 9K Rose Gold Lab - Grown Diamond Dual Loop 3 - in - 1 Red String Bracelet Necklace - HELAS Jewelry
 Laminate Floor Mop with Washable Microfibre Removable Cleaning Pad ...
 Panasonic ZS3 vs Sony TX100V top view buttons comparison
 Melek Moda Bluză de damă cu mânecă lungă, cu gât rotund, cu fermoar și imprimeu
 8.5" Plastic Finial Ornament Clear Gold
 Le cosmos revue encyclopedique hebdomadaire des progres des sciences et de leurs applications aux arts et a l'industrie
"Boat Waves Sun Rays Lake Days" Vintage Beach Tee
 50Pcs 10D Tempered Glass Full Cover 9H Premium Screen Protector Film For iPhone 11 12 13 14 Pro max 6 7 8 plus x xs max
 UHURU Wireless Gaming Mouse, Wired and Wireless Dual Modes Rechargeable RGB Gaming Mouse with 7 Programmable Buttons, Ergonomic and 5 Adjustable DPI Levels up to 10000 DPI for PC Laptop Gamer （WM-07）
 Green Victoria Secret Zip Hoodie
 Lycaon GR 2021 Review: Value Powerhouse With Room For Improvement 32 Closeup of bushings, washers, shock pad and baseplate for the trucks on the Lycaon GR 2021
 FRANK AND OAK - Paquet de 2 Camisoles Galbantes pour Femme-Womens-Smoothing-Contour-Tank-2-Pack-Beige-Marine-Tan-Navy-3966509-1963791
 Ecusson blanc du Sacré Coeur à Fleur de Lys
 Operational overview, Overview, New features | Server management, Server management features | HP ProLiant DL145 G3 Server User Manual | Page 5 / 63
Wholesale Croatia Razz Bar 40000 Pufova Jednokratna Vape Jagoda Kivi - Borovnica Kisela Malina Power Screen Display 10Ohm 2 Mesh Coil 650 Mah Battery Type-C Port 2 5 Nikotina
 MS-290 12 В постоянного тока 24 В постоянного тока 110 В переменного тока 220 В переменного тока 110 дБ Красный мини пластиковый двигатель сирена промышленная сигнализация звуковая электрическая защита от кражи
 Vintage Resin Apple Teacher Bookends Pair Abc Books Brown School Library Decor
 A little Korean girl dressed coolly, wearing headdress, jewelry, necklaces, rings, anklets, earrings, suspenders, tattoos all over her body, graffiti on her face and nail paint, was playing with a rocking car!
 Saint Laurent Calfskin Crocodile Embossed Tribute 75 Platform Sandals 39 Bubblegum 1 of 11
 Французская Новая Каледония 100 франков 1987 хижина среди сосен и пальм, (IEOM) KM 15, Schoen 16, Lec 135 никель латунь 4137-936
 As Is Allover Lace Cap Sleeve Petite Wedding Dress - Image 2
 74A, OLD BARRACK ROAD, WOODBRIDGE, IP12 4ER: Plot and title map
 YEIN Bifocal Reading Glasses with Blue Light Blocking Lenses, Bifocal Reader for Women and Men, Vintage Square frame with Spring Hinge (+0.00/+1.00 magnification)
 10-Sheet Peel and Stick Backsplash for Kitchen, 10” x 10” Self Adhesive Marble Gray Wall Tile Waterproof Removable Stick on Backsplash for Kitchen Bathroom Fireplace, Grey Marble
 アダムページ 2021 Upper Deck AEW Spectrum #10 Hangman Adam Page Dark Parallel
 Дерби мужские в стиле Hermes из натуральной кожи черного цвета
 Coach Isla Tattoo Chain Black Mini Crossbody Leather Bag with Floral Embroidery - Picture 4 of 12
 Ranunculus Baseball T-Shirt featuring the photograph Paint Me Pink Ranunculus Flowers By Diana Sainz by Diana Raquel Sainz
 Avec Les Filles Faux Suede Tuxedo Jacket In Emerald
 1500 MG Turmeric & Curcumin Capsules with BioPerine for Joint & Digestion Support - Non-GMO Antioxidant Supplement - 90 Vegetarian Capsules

===============

- _Task goal_: Every record is to be retyped exactly as given.

- _Output of the exercise_:
 9K Rose Gold Lab - Grown Diamond Dual Loop 3 - in - 1 Red String Bracelet Necklace - HELAS Jewelry
 Laminate Floor Mop with Washable Microfibre Removable Cleaning Pad ...
 Panasonic ZS3 vs Sony TX100V top view buttons comparison
 Melek Moda Bluză de damă cu mânecă lungă, cu gât rotund, cu fermoar și imprimeu
 8.5" Plastic Finial Ornament Clear Gold
 Le cosmos revue encyclopedique hebdomadaire des progres des sciences et de leurs applications aux arts et a l'industrie
"Boat Waves Sun Rays Lake Days" Vintage Beach Tee
 50Pcs 10D Tempered Glass Full Cover 9H Premium Screen Protector Film For iPhone 11 12 13 14 Pro max 6 7 8 plus x xs max
 UHURU Wireless Gaming Mouse, Wired and Wireless Dual Modes Rechargeable RGB Gaming Mouse with 7 Programmable Buttons, Ergonomic and 5 Adjustable DPI Levels up to 10000 DPI for PC Laptop Gamer （WM-07）
 Green Victoria Secret Zip Hoodie
 Lycaon GR 2021 Review: Value Powerhouse With Room For Improvement 32 Closeup of bushings, washers, shock pad and baseplate for the trucks on the Lycaon GR 2021
 FRANK AND OAK - Paquet de 2 Camisoles Galbantes pour Femme-Womens-Smoothing-Contour-Tank-2-Pack-Beige-Marine-Tan-Navy-3966509-1963791
 Ecusson blanc du Sacré Coeur à Fleur de Lys
 Operational overview, Overview, New features | Server management, Server management features | HP ProLiant DL145 G3 Server User Manual | Page 5 / 63
Wholesale Croatia Razz Bar 40000 Pufova Jednokratna Vape Jagoda Kivi - Borovnica Kisela Malina Power Screen Display 10Ohm 2 Mesh Coil 650 Mah Battery Type-C Port 2 5 Nikotina
 MS-290 12 В постоянного тока 24 В постоянного тока 110 В переменного тока 220 В переменного тока 110 дБ Красный мини пластиковый двигатель сирена промышленная сигнализация звуковая электрическая защита от кражи
 Vintage Resin Apple Teacher Bookends Pair Abc Books Brown School Library Decor
 A little Korean girl dressed coolly, wearing headdress, jewelry, necklaces, rings, anklets, earrings, suspenders, tattoos all over her body, graffiti on her face and nail paint, was playing with a rocking car!
 Saint Laurent Calfskin Crocodile Embossed Tribute 75 Platform Sandals 39 Bubblegum 1 of 11
 Французская Новая Каледония 100 франков 1987 хижина среди сосен и пальм, (IEOM) KM 15, Schoen 16, Lec 135 никель латунь 4137-936
 As Is Allover Lace Cap Sleeve Petite Wedding Dress - Image 2
 74A, OLD BARRACK ROAD, WOODBRIDGE, IP12 4ER: Plot and title map
 YEIN Bifocal Reading Glasses with Blue Light Blocking Lenses, Bifocal Reader for Women and Men, Vintage Square frame with Spring Hinge (+0.00/+1.00 magnification)
 10-Sheet Peel and Stick Backsplash for Kitchen, 10” x 10” Self Adhesive Marble Gray Wall Tile Waterproof Removable Stick on Backsplash for Kitchen Bathroom Fireplace, Grey Marble
 アダムページ 2021 Upper Deck AEW Spectrum #10 Hangman Adam Page Dark Parallel
 Дерби мужские в стиле Hermes из натуральной кожи черного цвета
 Coach Isla Tattoo Chain Black Mini Crossbody Leather Bag with Floral Embroidery - Picture 4 of 12
 Ranunculus Baseball T-Shirt featuring the photograph Paint Me Pink Ranunculus Flowers By Diana Sainz by Diana Raquel Sainz
 Avec Les Filles Faux Suede Tuxedo Jacket In Emerald
 1500 MG Turmeric & Curcumin Capsules with BioPerine for Joint & Digestion Support - Non-GMO Antioxidant Supplement - 90 Vegetarian Capsules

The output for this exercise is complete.